CADERNO DE APONTAMENTOS

 

Caderno de Apontamentos

1.Há algo de paráfrase da República da Roma Antiga – lá, onde o ano não principiava em Janeiro, mas em Março – nos novos começos de Setembro. Altura do ano em que o estio cumpriu, já, várias das suas estações clássicas, do Festival de Teatro de Avignon ao Tour de France. Lugares clássicos, estes dois, aliás, curiosamente, nos quais podemos descortinar laços menos óbvios. À espera de Godot, célebre peça do irlandês Samuel Beckett, que Avignon poderia sempre convocar, coloca-nos, como se sabe, perante duas criaturas, junto a uma árvore, a discutirem sobre tudo, dos Evangelhos ao suicídio, à espera de uma personagem-mistério, Godot, que não chega. Na peça, em rigor “tragicomédia”, Harold Bloom, em O cânone ocidental, assume como central um ethos permeado pela máxima de Santo Agostinho predilecta do dramaturgo irlandês (pela “forma maravilhosa” que, a seu ver, nela se contém): “Não desesperes, um dos ladrões foi salvo; não sejas presumido, um dos ladrões foi condenado”. Peça, de resto, com uma popularidade a que não são alheios os seus “clowns”, Gogo e Didi e que “vai buscar os seus modelos ao vaudeville, à mímica, ao circo, ao music-hall, à comédia do cinema mudo e, em última instância, às origens de todos eles; à farsa, medieval e posterior”, apresentando a mortalidade como fardo. Malgrado Beckett se afirmar não crente - e até a sua fuga, juntamente com a da sua futura mulher, Suzanne, à Gestapo, em Novembro de 1942, de Paris para o sudeste francês, se poder conceber como matéria poética daquele escrito -, desde sempre sob Godot pairou a hipótese de Deus. “Mas vocês talvez não saibam a melhor, que é a explicação do título À espera de Godot. God? Não só, mas também. Porque também acontece que o Beckett estava numa terreola onde ia passar a Volta a França em bicicleta. Foi ver com o resto da população. Uma hora depois de parecer terem passado todos os magotes de ciclistas, o grupo continuava à espera. Como bom irlandês, também se foi deixando ficar. Por fim perguntou a um dos que continuavam a olhar para a curva distante da estrada: "Alors?" E esse explicou: «On attend Godot». Godot era um rapaz local, o orgulho da aldeia por participar na Volta a França, mesmo que só tivesse passado em triunfo solitário horas depois de todos os outros” (Hélder Macedo, Pretextos, Caminho, 2024 [crónica de 18-03-2009], p.42).

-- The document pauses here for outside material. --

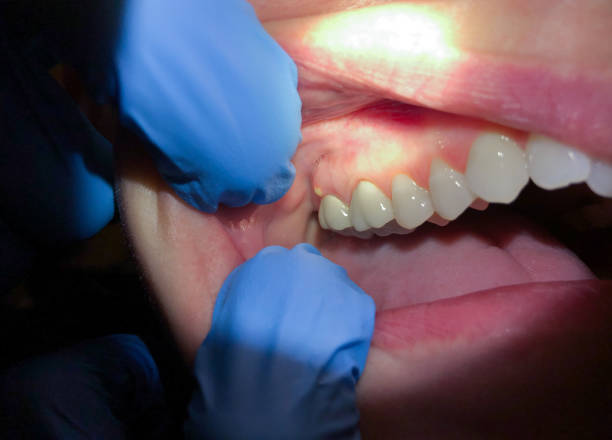 Best Emergency Wisdom Teeth Removal in Chantilly, VA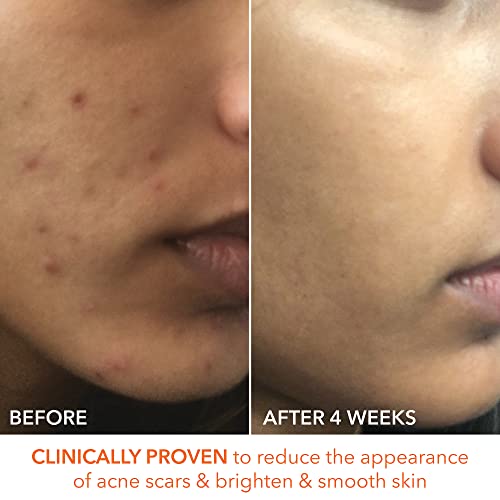 Dr. Dennis Gross Alpha Beta Extra Strength Daily Peel: for Oily Skin, Uneven Tone or Texture, Wrinkles or Enlarged Pores (30 Treatments)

2.Na reunião e antologia de múltiplas crónicas oferecidas ao espaço público português nas últimas duas décadas, podemos ler o decano Hélder Macedo, à semelhança de diversos congéneres internacionais provindos da área das Humanidades, a zurzir, com tanta razão quanta ineficácia (dir-se-ia, face ao ar do tempo, quase quixotescamente), o desaparecimento ou a diminuição/o minguar de determinadas disciplinas tidas por inúteis – na lógica de curto prazo de lucro mercantil -, mesmo nas mais distintas e selectas Universidades mundiais. Assim, o caso da Paleografia, departamento eliminado no King’s College, em Oxford, desde a Grande Recessão (“decisão que o Professor Grafton [catedrático de História do Renascimento Europeu, em Princeton] considera particularmente nefária [e] não só por ser uma disciplina fundamental para o estudo da História…”). Ora, em finais de Junho último, no âmbito do quinto centenário do nascimento de Luis Vaz de Camões, foram publicadas as duas mais recentes biografias do grande poeta português, da autoria de Carlos Bobone e de Isabel Rio Novo, respectivamente. Esta última investigadora indicou, como fontes derradeiras nas quais haurir material diverso do até ao momento compulsado para o conhecimento de Camões, arquivos inexplorados, mas ainda conservados, aos quais, contudo, somente com expertise de Paleografia se poderá colher com proveito: “O mais engraçado é que há imensos arquivos antigos, em bibliotecas, em arquivos públicos e particulares, com milhares de manuscritos que estão por examinar. E os investigadores sabem que eles existem. Não sou paleógrafa e, apesar de ter formação em História, não sou capaz de ler fluentemente documentos do século XVI” (entrevista à Visão, 06-06-2024).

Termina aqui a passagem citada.